After receiving our NFC enabled badges, we headed to the GMC attraction to see what content we could collect. We found a kiosk with the call to action – “scan here to win a car!” so we tried using our NFC badge and got a “thank you for participating” reply. This led us to another line, where we received a second NFC “badge” in the form of a wristband. Then we were instructed to visit three vehicles with scanning stations, which we did, only to find out we weren’t the lucky winners. So to recap, we missed the marketing, the experience, and didn’t win anything.
Some key takeaways on NFC at Super Bowl Blvd:
- The ambassadors were under trained.
- The technology was overwhelmed by the crowds (WiFi problem? Server problem? Scanner problem? Training problem?)
- Having two NFC tags (NFL and GM) that generated the exact same data was inefficient and wasteful.
- The kiosks to be scanned had no call to action or instructions on how to use them.
- There was no apparent incentive for most the kiosks (except for the GM “win a car”).
In our final example of missed mobile engagement at Super Bowl Blvd, let’s highlight this official pocket-sized guide. Note the call to action: “Download the NFL Mobile from Verizon app to get the official Super Bowl XLVII mobile experience”. It then lists a URL you can access to download the app. Really? This is New York in mid-winter! Would most fans stop and take their gloves off long enough to open a smartphone browser, type in each character of the URL, wait for the web page to appear, and then click the icon of their respective OS to begin downloading the app? The official guide calls this is a mobile experience, but it sounds more like a mobile scavenger hunt.
Mobile engagement would have given fans access to the app in a New York minute.

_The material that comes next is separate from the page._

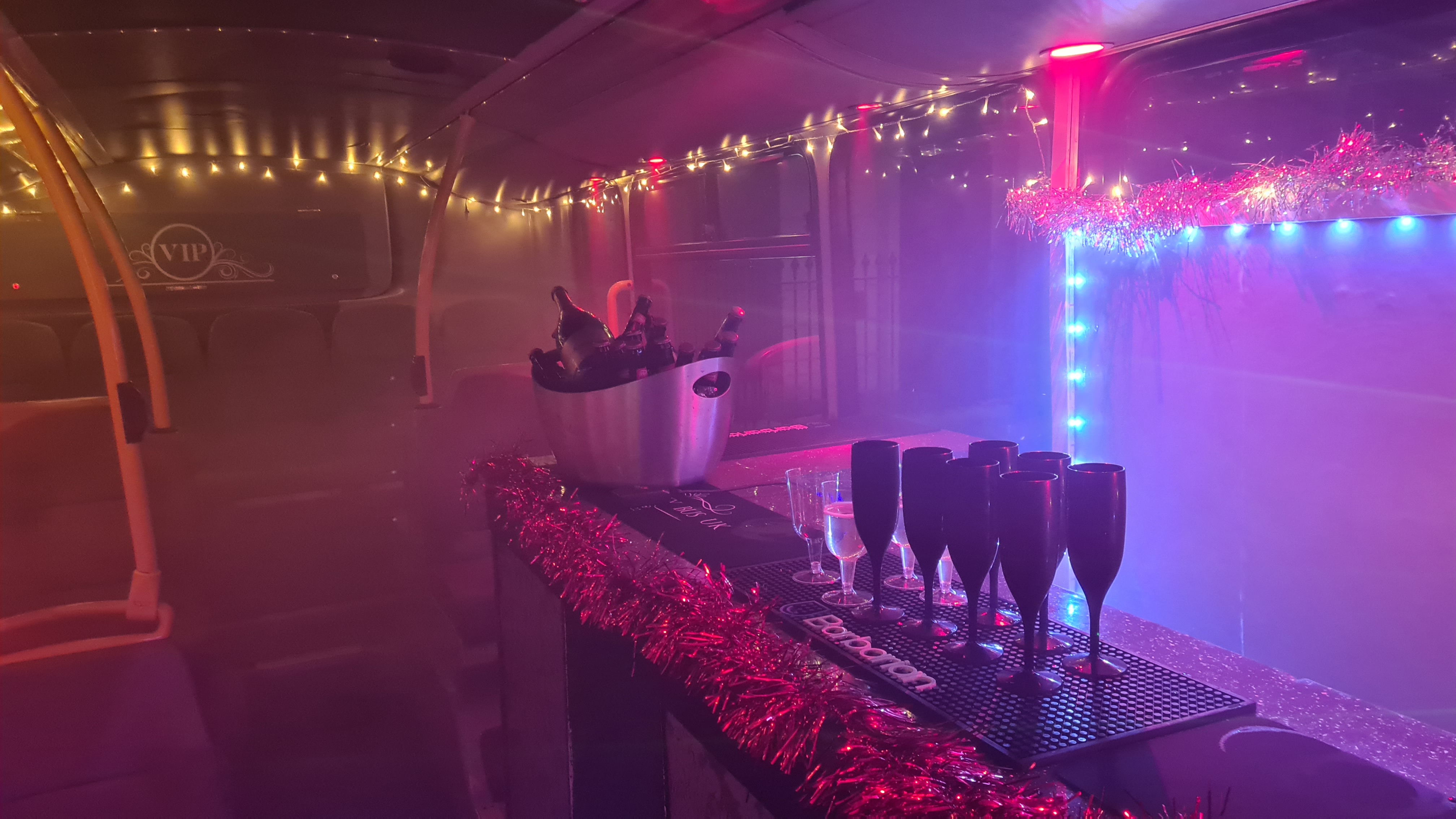 Vibrant party bus in London with stylish bar setup for unique mobile events.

By including a QR Code with OS Detection next to the call of action, the guide would have provided that instant access to the app with a simple scan followed by one touch on the download screen. That’s pretty quick – even faster than the record-setting first score in this year’s Super Bowl, occurring just 12 seconds into the game.
Similar to this year’s Super Bowl that ended in lopsided score, the mobile marketing activities surrounding the big event included many missed opportunities. As you can see from these examples, when your game place includes QR Codes, or any mobile trigger, it should include a very well thought out call to action, and experience – one that creates a winning strategy by delivering quick, relevant customer connections and tracking of the effectiveness of every play.